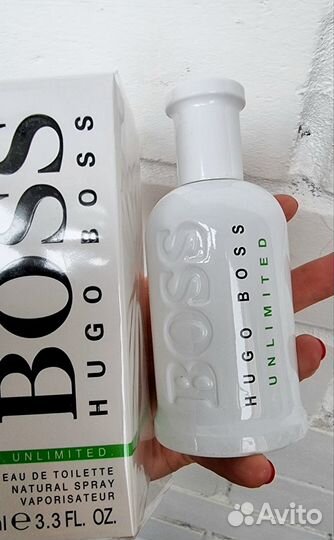Hugo boss анлимитед 100мл unlimited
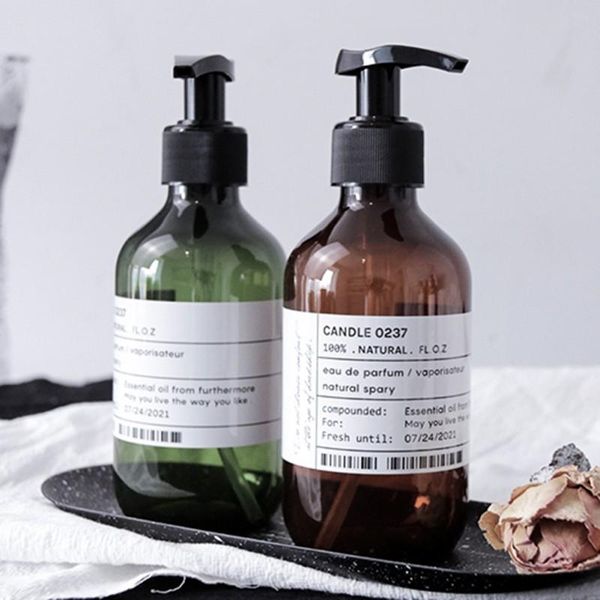 liquid soap dispenser 300/500ml portable dispensers bottle bathroom shower gel refillable bottles shampoo wash hair conditioner home accesso
liquid soap dispenser 300/500ml portable dispensers bottle bathroom shower gel refillable bottles shampoo wash hair conditioner home accesso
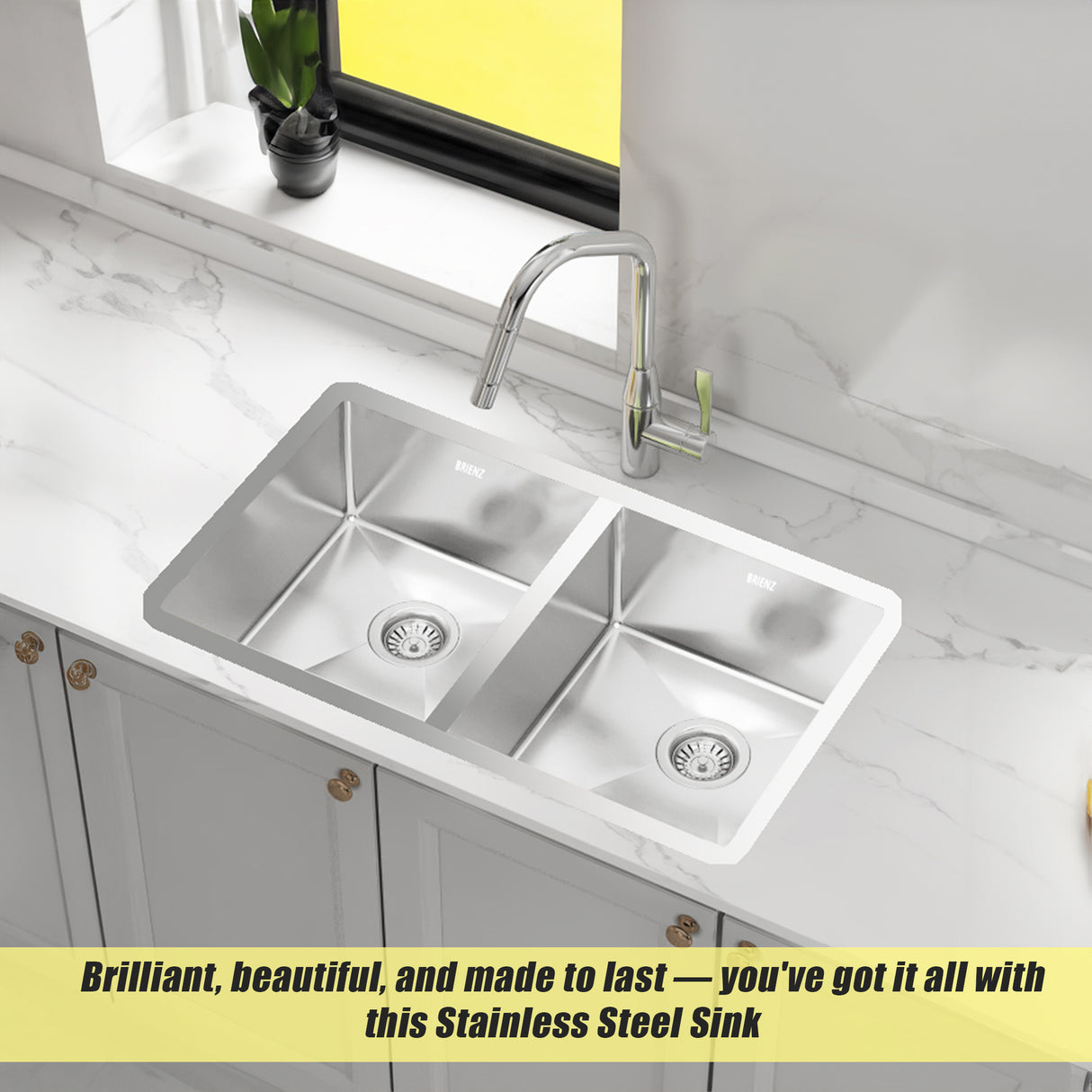 Stainless Steel Sink - 775 x 450mm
---
**What you need to do**
Your reply should consist of the data, transcribed exactly, and should hold no pictures.

**Solution to this task**
Hugo boss анлимитед 100мл unlimited
 liquid soap dispenser 300/500ml portable dispensers bottle bathroom shower gel refillable bottles shampoo wash hair conditioner home accesso
liquid soap dispenser 300/500ml portable dispensers bottle bathroom shower gel refillable bottles shampoo wash hair conditioner home accesso
 Stainless Steel Sink - 775 x 450mm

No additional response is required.